Yogyakarta (ANTARA) - Sebanyak 300 pedagang dan buruh gendong di Pasar Beringharjo Yogyakarta menggelar Upacara Peringatan HUT Ke-77 Kemerdekaan Republik Indonesia di lokasi bongkar muat lantai dua pasar tradisional terbesar di Kota Yogyakarta tersebut.

“Setelah 77 tahun Indonesia merdeka, ini adalah Upacara Peringatan HUT RI pertama kali yang digelar pedagang Pasar Beringharjo,” kata Sesepuh Paguyuban Pedagang Pasar Beringharjo Darmastono yang sekaligus bertindak sebagai Inspektur Upacara di Pasar Beringharjo Yogyakarta, Rabu.

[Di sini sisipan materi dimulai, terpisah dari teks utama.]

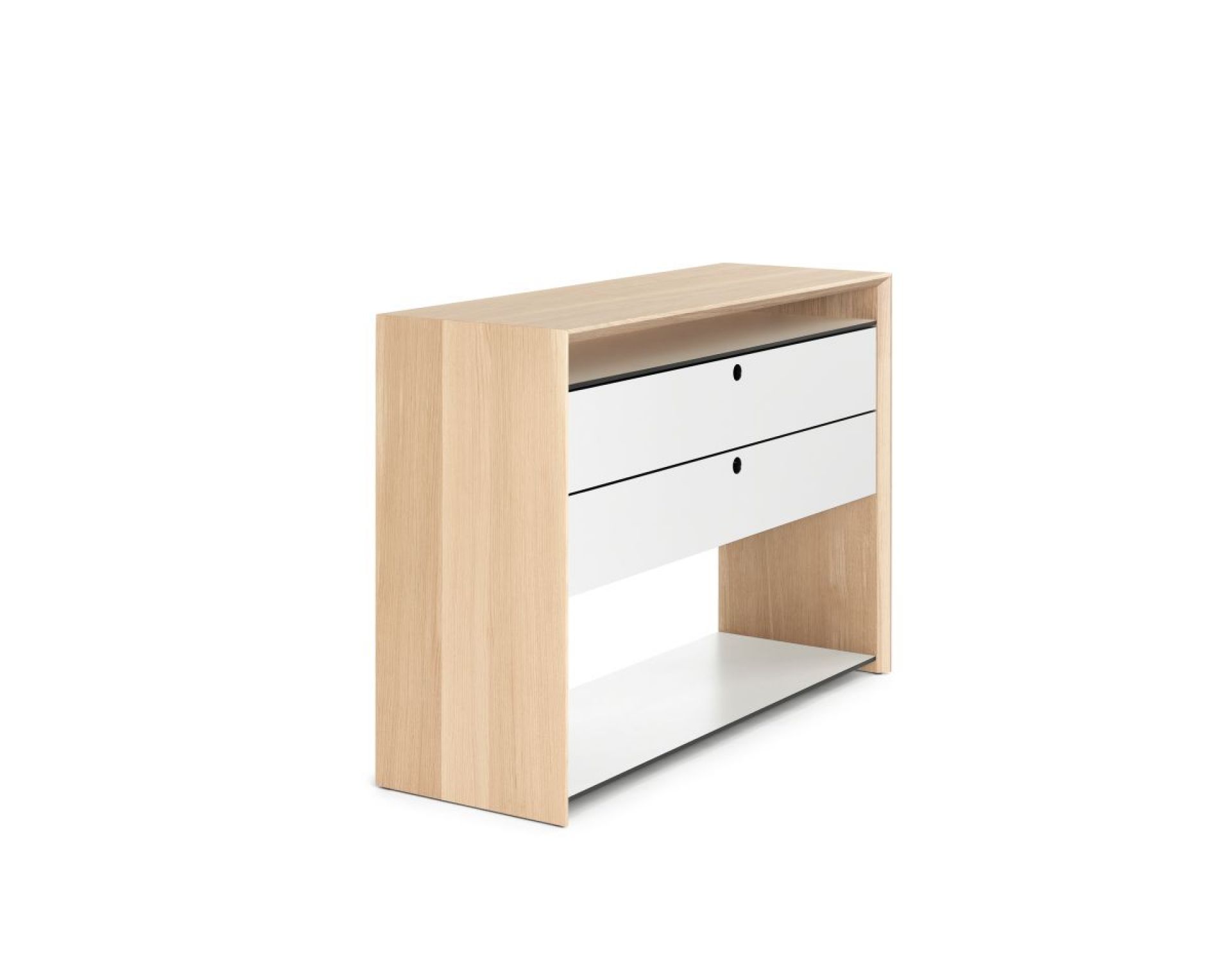 La Punt sideboard Girsberger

Menurut dia, Upacara HUT RI tersebut dimaksudkan untuk mengingatkan pedagang pasar tentang pengorbanan para pejuang dalam meraih kemerdekaan sehingga yang perlu dilakukan saat ini adalah mengisi kemerdekaan dengan sebaik-baiknya.

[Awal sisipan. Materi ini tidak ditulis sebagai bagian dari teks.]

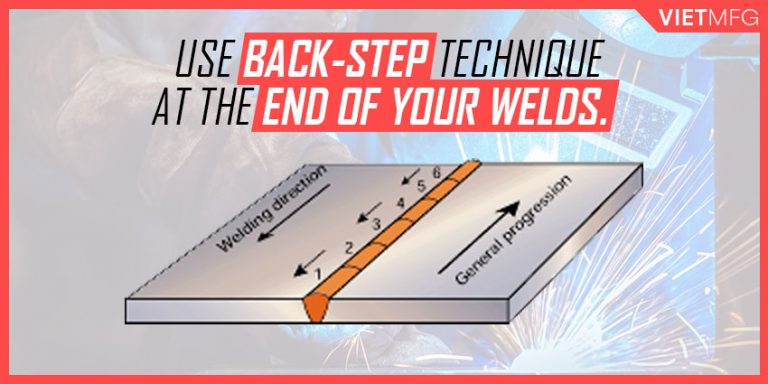 mig-welding-aluminum-how-to-weld-like-a-pro-2021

Sebagai pedagang, lanjut dia, perjuangan mengisi kemerdekaan bisa dilakukan dengan menjadi pedagang yang memahami hak dan kewajiban dengan baik.

“Sebagai pedagang, kami memiliki hak berjualan di Pasar Beringharjo tetapi pedagang juga memiliki kewajiban untuk mematuhi aturan berjualan di pasar, seperti yang sudah ditetapkan pemerintah daerah,” katanya.

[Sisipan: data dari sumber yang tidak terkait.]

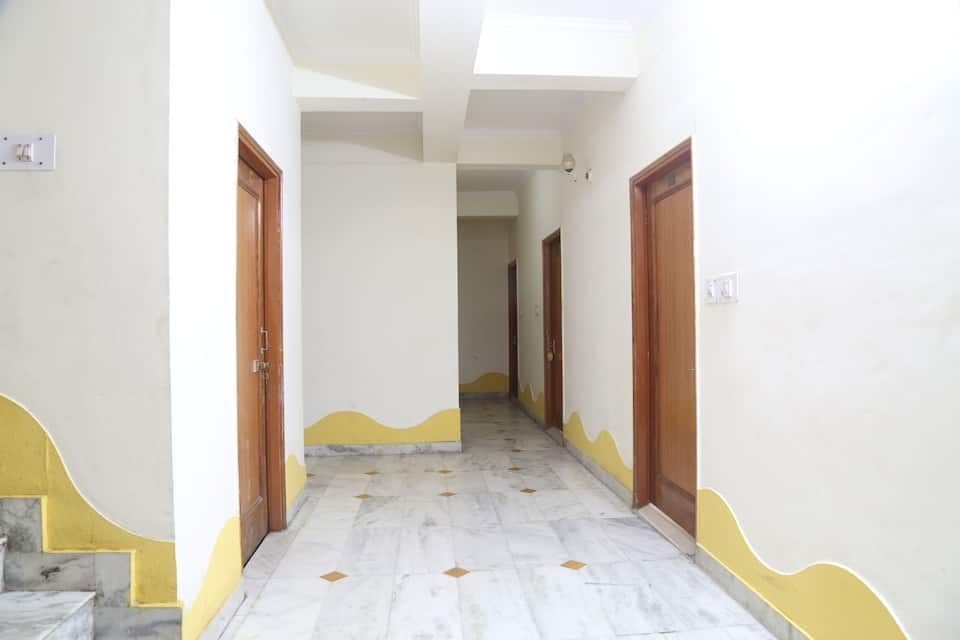 undefined Hotel Aashirwad 5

Baca juga: Buruh gendong Beringharjo, sehari mencicipi arena "catwalk"

Ia meminta pedagang lain untuk selalu bahu membahu memajukan pasar tradisional terlebih di masa digitalisasi saat ini sehingga keberadaan pasar tradisional tidak tergilas kemajuan zaman akibat kecepatan teknologi dan penjualan secara daring.

Namun demikian, ia meyakini pedagang di Pasar Beringharjo mampu bertahan dan mengikuti kemajuan zaman karena pasar memiliki dua fungsi utama, yaitu sebagai tempat jual beli sekaligus tempat interaksi sosial.

“Oleh karenanya, pedagang di Pasar Beringharjo harus bisa memberikan pelayanan terbaik ke konsumen. Melayani dengan ramah dan sopan. Dengan demikian pasar tradisional tetap digemari masyarakat,” katanya.

Sementara itu, Kepala Dinas Perdagangan Kota Yogyakarta Veronica Ambar Ismuwardani mengatakan Upacara Peringatan HUT RI di Pasar Beringharjo adalah murni inisiatif para pedagang.

“Kami sangat mendukung inisiatif tersebut karena menunjukkan bahwa pedagang memiliki semangat nasionalisme yang tinggi,” katanya.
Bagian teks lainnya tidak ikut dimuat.